Russian is traditionally the dominant language of Odesa, as in many other parts of Ukraine. But over the last three years, many Jewish and non-Jewish Ukrainians have switched to Ukrainian. A poll from the sociological group Rating found that 28% of Ukrainians said they exclusively spoke Russian at home in late 2021. By 2024, that number fell to 12%.
“We’ve never spoken Ukrainian a lot here, except for those who would come here to study or commute here for a job,” said Vdovychenko. “Now, I talk to our young people — they switched to Ukrainian. They think that this is their identity.”
The Russian language’s grip over Jewish life in Ukraine has deep historical roots. In the 19th century Russian Empire, Jews living in present-day Ukraine typically spoke Yiddish and Russian. Ukrainian was perceived as a peasant language, neither associated with high culture nor conferring economic advantages. After the Holocaust, Yiddish declined and Russian became the language of the Soviet Union.
Now, Gritsevskaya’s prayer book, or siddur, joins a wave of other efforts to translate Jewish texts into Ukrainian. On Passover in 2023, Ukrainian Jews could read the Haggadah — the holiday’s core text — in Ukrainian for the first time. Thousands of Ukrainian copies of Tehillim, the Hebrew Book of Psalms, are also in circulation. Volunteers have delivered palm-sized copies to Jewish soldiers on the front lines, along with food, generators and protective gear.
Meanwhile, translators are drafting the first Ukrainian translation of the Torah, expected to be printed later this year.
Russia’s invasion, launched with President Vladimir Putin’s claims that Ukrainians and Russians are “one people,” had the opposite effect of strengthening Ukrainians’ national identity. It had the same effect on the identity of many Jews — especially after Putin said he aimed to “denazify” Ukraine, according to Mark Levin, head of the National Coalition Supporting Eurasian Jewry.

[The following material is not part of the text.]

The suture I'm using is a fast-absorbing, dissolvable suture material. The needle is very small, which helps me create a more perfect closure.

“Ukrainian Jews were looking around saying, ‘Wait a minute, we have a Jewish president. We’ve had a Jewish prime minister. There was a Jewish defense minister,’” said Levin. “When Putin and other Russian government officials question Zelensky’s Jewishness, in a sense, they’re questioning the Jewishness of all Ukrainian Jews.”

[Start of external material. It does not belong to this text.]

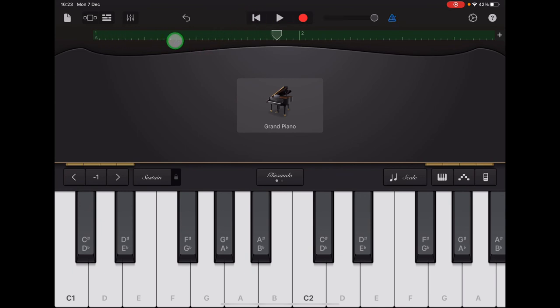I've recorded in time with the beat and my ruler has turned green all the way along. See if you can have a practice and record the bass notes for Section A.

Shifting to the Ukrainian language is easiest for the youngest among Ukraine’s Jews. When Gritsevskaya introduced the children’s siddur in her Jewish educational camps, she said the counselors wept with pride. But for the children, farther removed from Soviet rule and the pressures of the Russian language, it was natural to see their prayers in Ukrainian.
“With the children, it’s definitely much easier for them to use the Ukrainian language and Ukrainian text,” said Gritsevskaya. “It’s something that they can read by themselves and relate to, which makes it very important.”